Data is loaded into the data warehouse with specific schemas and then can be queried. if results should be used externally it is possible (but not always easy) to extract them.
Data warehouse solutions were very common in the past and they work fine but they have some big disadvantages:
- Vendor lockdown
- Hard to Scale
- Not elastic
* There are cloud based data warehouse solutions such as AWS Redshift but since most of them are similar internally to the Query engine architecture I will classify them as query engines as well
query engine
Basically, an SQL engine Translates SQL to Mapreduce/DAG jobs over data of various size and formats. This is achieved either by using an existing framework (such as hadoop MR or spark) or by using independent implementation.
Since the query engine does not necessarily store the data itself, it usually supports multiple data sources and file formats.

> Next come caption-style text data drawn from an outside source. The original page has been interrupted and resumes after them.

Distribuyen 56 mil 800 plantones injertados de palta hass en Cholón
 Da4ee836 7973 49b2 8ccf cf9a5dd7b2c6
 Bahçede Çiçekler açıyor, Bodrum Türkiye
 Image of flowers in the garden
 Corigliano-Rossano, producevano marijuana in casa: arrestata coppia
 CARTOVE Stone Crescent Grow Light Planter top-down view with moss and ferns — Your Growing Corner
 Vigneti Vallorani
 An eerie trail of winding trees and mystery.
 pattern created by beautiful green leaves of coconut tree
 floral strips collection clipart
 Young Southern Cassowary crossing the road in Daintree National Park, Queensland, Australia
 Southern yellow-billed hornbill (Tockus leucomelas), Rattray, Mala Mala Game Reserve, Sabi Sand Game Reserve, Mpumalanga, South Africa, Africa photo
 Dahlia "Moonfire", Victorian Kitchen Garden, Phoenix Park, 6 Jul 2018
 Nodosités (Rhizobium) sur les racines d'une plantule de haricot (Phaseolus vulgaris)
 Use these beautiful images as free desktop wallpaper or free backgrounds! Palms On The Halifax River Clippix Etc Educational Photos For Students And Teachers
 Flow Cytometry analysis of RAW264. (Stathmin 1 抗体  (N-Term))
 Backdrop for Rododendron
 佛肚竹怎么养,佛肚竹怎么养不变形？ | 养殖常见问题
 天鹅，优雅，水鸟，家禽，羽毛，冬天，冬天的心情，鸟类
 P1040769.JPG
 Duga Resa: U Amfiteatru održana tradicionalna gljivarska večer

Unlike most data warehouses, query engines are usually pretty elastic and can scale easily and thus offer a more cost effective solution
Common storage options are HDFS, AWS S3 (and the Azure and google equivalents).
As you can see there are more components to configure and it might take some time to optimize but this approach is far more scalable and on most cases should also be more cost effective (storage can be very cheap and compute resources can be managed on-demand).
There are multiple solutions and relevant technologies here. I will elaborate on the post I mentioned in the begining
A little about data lake
A data lake is a storage repository that holds a vast amount of raw data in its native format until it is needed. While a hierarchical data warehouse stores data in files or folders, a data lake uses a flat architecture to store data.
Basically Data lake is metaphorically a lake of data in it’s raw state flowing from all over the organizations. The paradigm consists of:
- Unstructured data sources (the water)
- Storage (where is the lake)
- File system and file formats (how the lake looks like)
- Tools to analyze it
the following illustrations explains quite well the differences between data lake and data ware house
Summary
Storing a lot of data is not a simple task. If not done right you can easily get performance problems (writing and/or reading) and have scale related problems (cost, trouble scaling-up etc.)
Storing your raw data in a cloud storage (such as AWS S3) and querying it with big-data querying engines according to your needs is the most scalable and versatile solution.